No teníamos una idea cerrada del saber. Devorábamos cualquier papel escrito que cayera en nuestras manos. En eso, al menos, teníamos un sabio precedente. Lo cuenta muy bien Cervantes de él mismo en su magistral novela sobre El Quijote. Los finales de los setenta de la pasada centuria para mi fueron decisivos. Recuerdo que lo que más me gustaba cuando volvíamos al pueblo de vacaciones era encontrar libros, revistas y periódicos en el equipaje de mis hermanos. La prensa del PSUC, del PCE o cercana a otros grupos de ideología comunista tenían en mi un seguro lector. Con el tiempo descubriría que era todo mentira, una farsa, un tinglao. Que se trataba sólo de cosmética publicitaria. Pero en aquellos años me catapultaron para que me convirtiera en una especie en vías de extinción: un incansable e inagotable ratón de biblioteca.

Mientras trabajábamos en el campo no parábamos de darle a la lengua. Mi hermano Ramón era una persona incansable. Yo no tenía aún una idea de lo mal que estaba la Universidad española. Si lo hubiera sabido me hubiera dedicado a ser polizón en la marina mercante. Y habría emulado la vida de un chileno como, por ejemplo, Luis Sepúlveda. En aquellos años respetábamos a los que se las daban de sabios o de maestros. Con el tiempo me daría cuenta del gran fraude que habita tras la carcoma del pestilente sistema educativo que nos han dejado por herencia ruinosa nuestros malogrados antepasados.

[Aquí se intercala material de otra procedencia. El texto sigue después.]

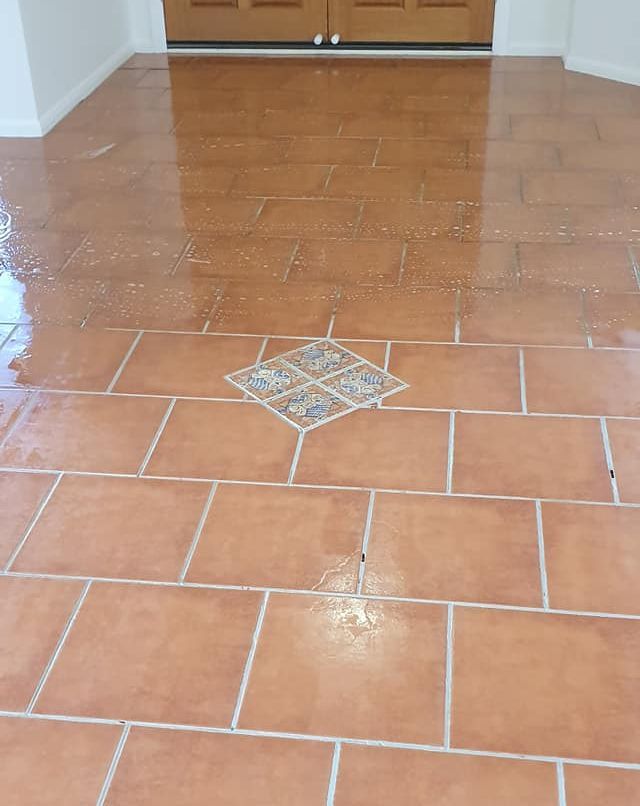 Ceramic Tile and Grout Clean Terracotta coloured Ceramic tile and grout cleaned with acid
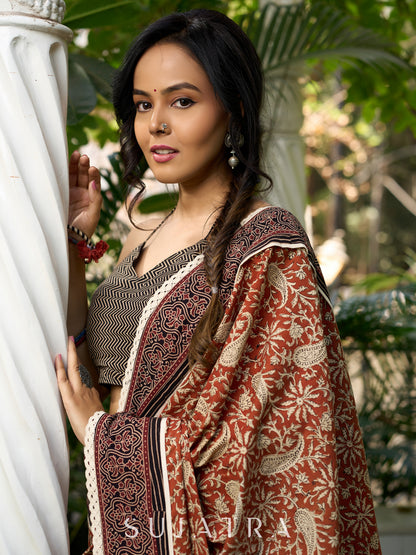 Earthy block-printed cotton saree with paisley charm and rustic elegance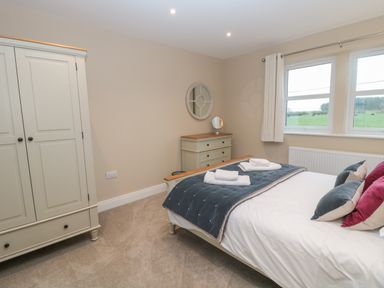 A bedroom with a bed pillows folded towels a wardrobe chest of drawers and two windows at Breamish in Christon Bank near Embleton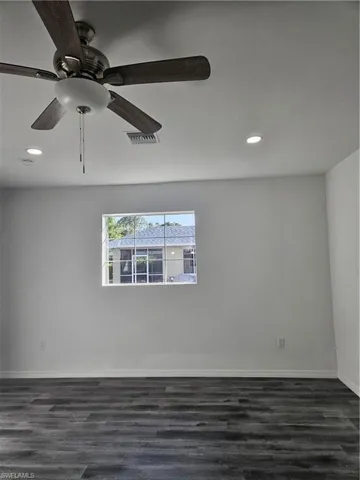 Empty room featuring recessed lighting, dark wood-style flooring, baseboards, visible vents, and a ceiling fan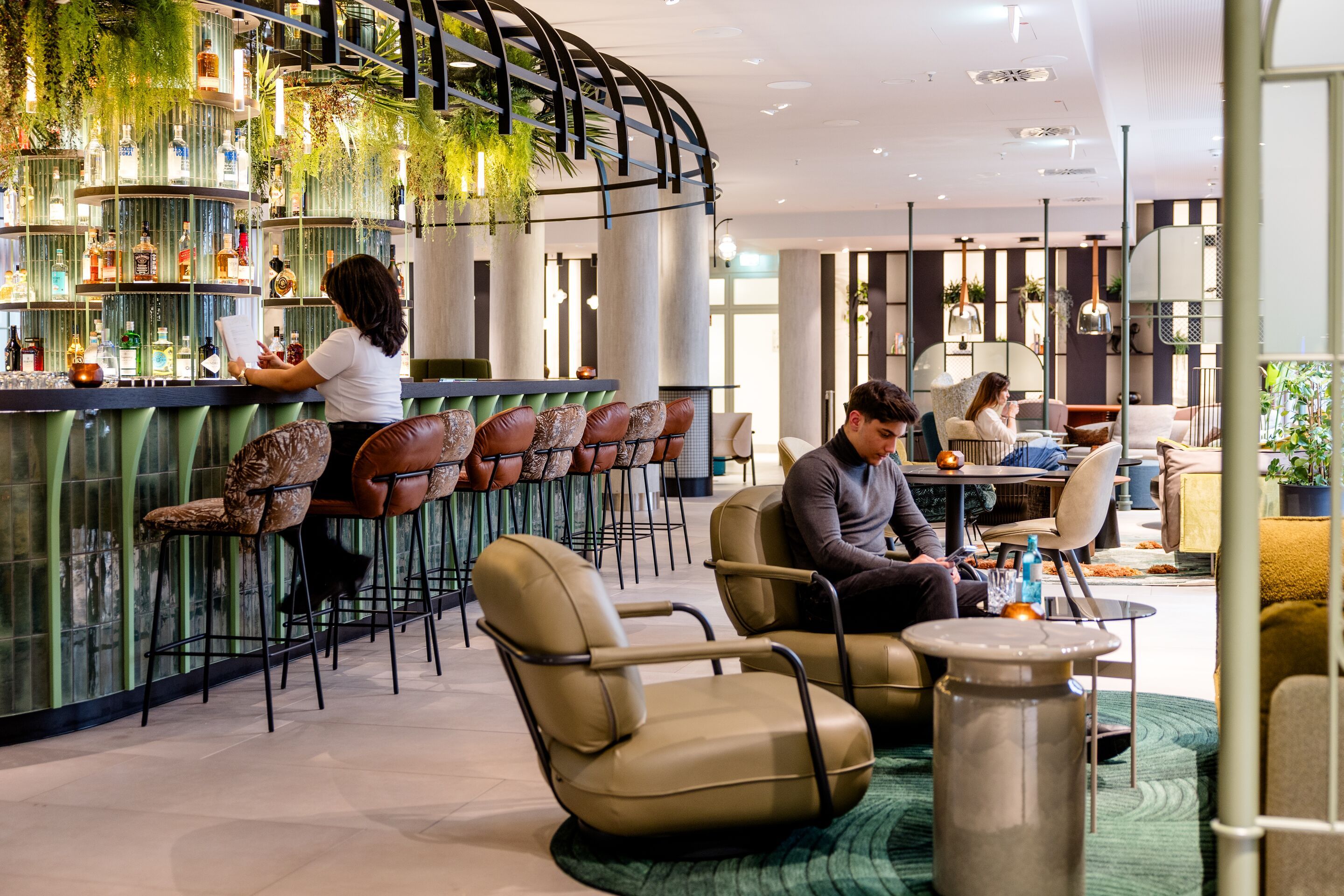 Hotel Frankfurt-Hauptbahnhof Motel One helle Hotelbar mit hängender Pflanzen-Dekoration, bequemen Barhockern und Sitzbereichen. Gäste entspannen beim Lesen und an der Bar und Blick in lichtdurchflutete Lounge.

Recuerdo otros regalos como La carta de Atenas del arquitecto Le Corbusier. Sí, el urbanismo si hubiera seguido las sendas creativas de un genio como Oscar Niemeyer no nos asolaría la desolación caótica en la que nos estamos malmuriendo como mónadas agrupadas en un vacío existencial solipsista y enfermizo. No puedo comprender a los humildes inmigrantes cuando sueñan con emigrar a nuestro mediocre y corrupto país creyendo que podrán encontrar una vida laboral hermosa en un país moderno: ¡qué cruel ha de ser su encontronazo con la horrible realidad!

Dos años después de aquellos pequeños regalos Ramón nos invitó a pasar unas semanas en el apartamento en el que vivía en Salou. Era el tiempo en el que él trabajaba para ATISAE inspeccionando las obras del gaseoducto del Ebro. En aquel verano paseando por Tarragona nos dimos una vuelta por la Feria del Libro. Recuerdo que me regaló varios libros: una bellísima edición de El Quijote de Cervantes. Estaba ilustrada por el artista francés Gustave Dorè; y un libro prohibido en los Bastardos Hundidos de Norteabélica. Éste último estaba escrito por el lingüista y activista político Noam Chomsky y se titulaba Baños de sangre. Iba sobre la carnicería imperialista yanqui en Vietnam. ¡Cómo no iba a comentar con él después esos enormes regalos!

Tenía una idea de la formación muy al modo del poeta político cubano José Martí. Sabía unir lo práctico con lo teórico. Desde muy pronto nos ofreció la posibilidad de compatibilizar nuestras vacaciones con el trabajo industrial mejorando nuestra formación científica y técnica. Como regalos siempre tomé la presentación de sus amistades en Linares, Andújar, Alcaudete, Salobreña o Motril. Entrar con él en las fábricas era como pasar por una especie de arco del triunfo donde su amable sonrisa y sabia ironía las usaba para sembrar de amigos su dichosa existencia.

No dejaría de hacerme regalos en toda su vida. Pero el mejor de todos –sin duda– fue su generosa existencia.